If you have been an ardent follower of our Arctic escapades, you may have picked up on a strange sounding experiment we are carrying out across the tundra: the tundra tea bag experiment!

This is an international effort looking at how decomposition rates might change in a warming world.
We bury two types of tea (Green and Rooibos) at sites across the tundra biome – the cold environments found in the Arctic or the tops of mountains. After a few months we dig up the tea and look at how much it has decomposed. This helps us understand how rapidly it has broken down – and how fast the carbon and nutrients it contains move into the soils and air.

Normally when we look at decomposition we have to consider both what it is (how fast does it break down) and where it is (where does it break down fastest). But because all the tea we use is the same, we can be more confident that any differences are due to site conditions. This means we can look at how things like temperature, moisture and vegetation cover affect decomposition – which helps us make predictions about the future.
As the Arctic heats up, all the plant matter stored in cold and frozen soils will start to rot, releasing carbon to the atmosphere and speeding up global warming. This could cause a runaway positive feedback affecting the earth as a whole. The tundra tea bag experiment helps us understand if this will happen, and if so, how fast. It is one of many ways we can look at this, and we are working with scientists around the world – from Alaska to Australia, Sweden to Switzerland – to try to get as much data as we can. Similar experiments are also taking place all around the world, spearheaded by the dECOlab in Urtrecht in the Netherlands (http://www.decolab.org/tbi/).
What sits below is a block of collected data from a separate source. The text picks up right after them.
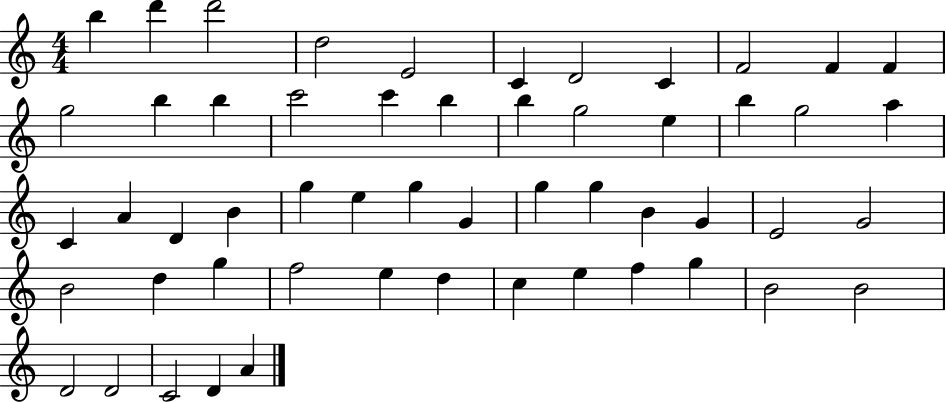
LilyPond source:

{
  \clef treble
  \numericTimeSignature
  \time 4/4
  \key c \major
  b''4 d'''4 d'''2 | d''2 e'2 | c'4 d'2 c'4 | f'2 f'4 f'4 | \break g''2 b''4 b''4 | c'''2 c'''4 b''4 | b''4 g''2 e''4 | b''4 g''2 a''4 | \break c'4 a'4 d'4 b'4 | g''4 e''4 g''4 g'4 | g''4 g''4 b'4 g'4 | e'2 g'2 | \break b'2 d''4 g''4 | f''2 e''4 d''4 | c''4 e''4 f''4 g''4 | b'2 b'2 | \break d'2 d'2 | c'2 d'4 a'4 | \bar "|."
}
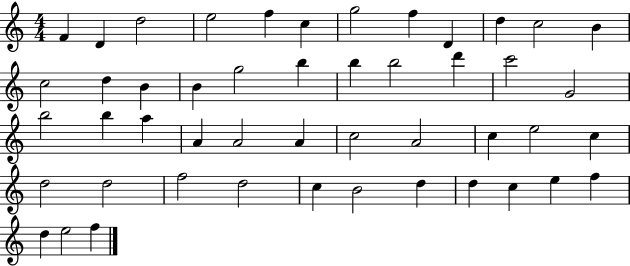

And now the first results are now starting to come in! So far we have data for three-month burials from 14 sites, with more expected to come in over the next couple of months (see the map).

Initial results represent a gradient from European alpine to northern Arctic sites. As expected, there are large variations in decomposition rate (mass loss of tea bags) over the three-month period (see the figure below). This is more pronounced for Green tea than for Rooibos tea. However, the two types of tea display highly distinct decomposition rates despite the range of sites covered, with no overlap in distributions. This supports previous work suggesting that litter characteristics assert more influence over decomposition rate than site characteristics. The initial results are really exciting for our work looking at vegetation change and litter decomposition, as it greatly supports the idea that changes to plant traits and community composition are critical to understanding future rates of decomposition in tundra ecosystems.